OPP: When you talk about the laws of nature vs. the laws of man, I think of an older body of work called New Forms (2006). The hybrid animals could either be the result of man's muddling in nature or the result of some kind of evolution that we can't understand yet. Can you talk about your intentions in this body of work?
DC: I grew up in Miami, but my mother is what you might call a Los Alamos Baby. Both my grandparents worked at Los Alamos Laboratories for over 30 years. When I was a kid, my grandfather told me stories about what was going on there. Beyond all the nuclear research, they are also heavily involved with genetic engineering.
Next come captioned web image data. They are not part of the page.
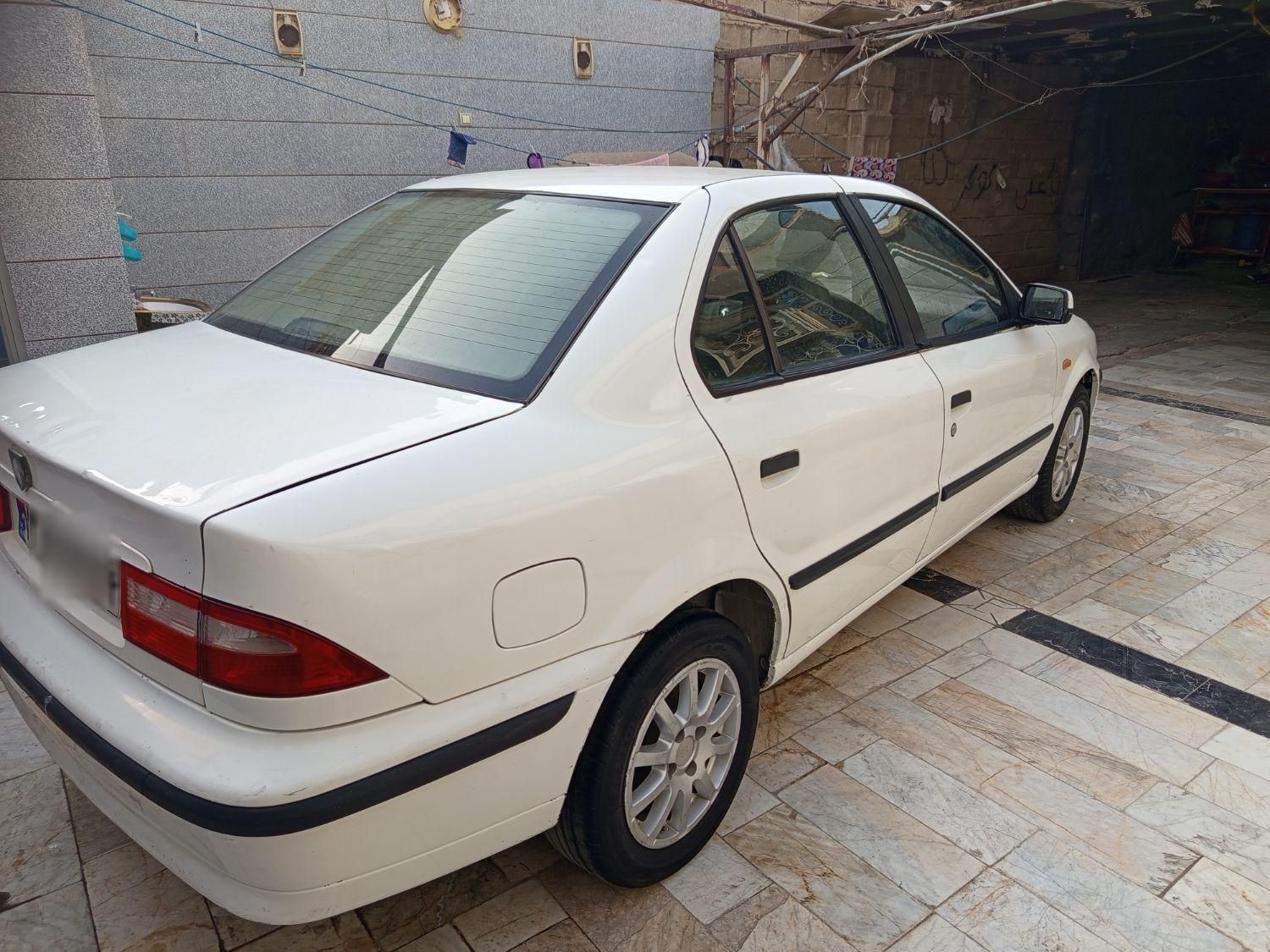 سمند LX EF7 دوگانه سوز - 1392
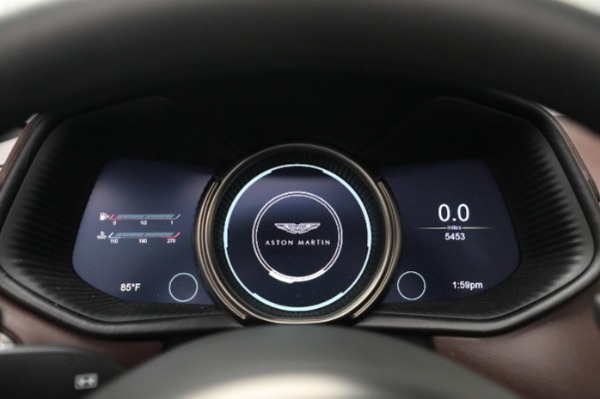 Used 2020 Aston Martin DB11 Volante for sale $148,900 at Bentley Greenwich in Greenwich CT 06830 27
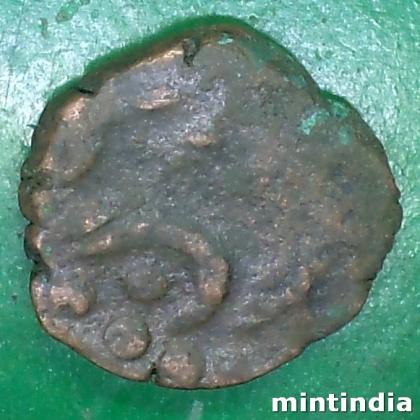 1850 To 1898 SAILANA PRINCELY STATE KING DULHE SINGHJ 1 PAISA COIN EF235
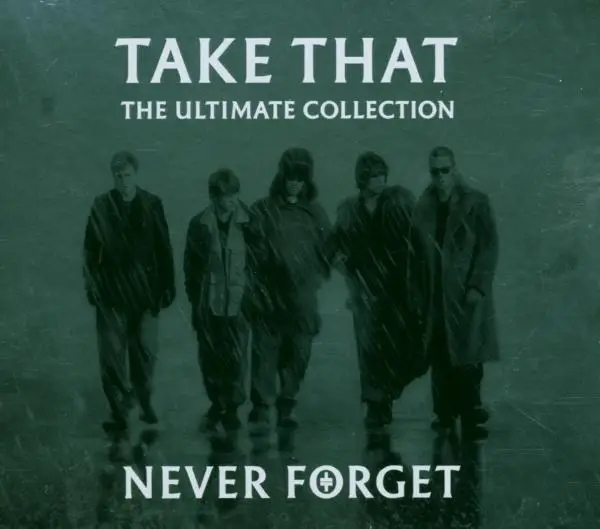 Album artwork for Never Forget-The Ultimate Collection by Take That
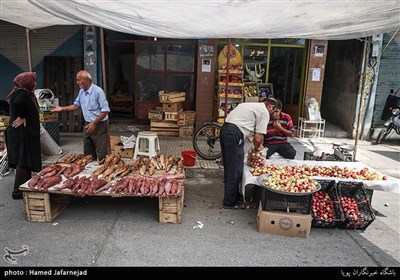بازار محلی انزلی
I have been making work referencing those stories and these sort of ideas since 2000. However, they are more mainstream now. I just read how scientists have altered cows so that they produce milk that lactose intolerant humans can ingest. I also read about how Monsanto recently made corn that explodes the stomachs of insects. While the possibilities of bio engineering are mind blowing, I feel we are playing with fire. My last piece of that series was entitled Serpents, which is also the title of my favorite Jeff Koons piece. Both have a candy-coated, creepy feel that I get when I think about whats going on.
OPP: Do you have an overall favorite piece by another artist?
DC: I love art. I am a self-described looker, and, in saying that, I can back it up. I go to a lot of the big art fairs and, having lived in NYC and LA, I have seen hundreds of gallery and museum shows. I also look at tons of art online. I'm telling you this to justify my answer of no. I have no favorite piece, because there are hundreds that I love. I think the easiest way to appreciate my taste is to take a second to look at my other website: www.cult2vader.com. It's a visual image bank of things that I'm looking at, and I update it often. The images are all hyper-linked, so if you see something you like, you can easily get more info. I often refer collectors who I consult for to it as a starting point.
OPP: What's your favorite piece of your own work?
DC: It's usually the one I just made. Right now it's a toss up between my latest flag piece and an abstract piece Mr. Hawkins could appreciate called The Possibility of Infinite Possibilities.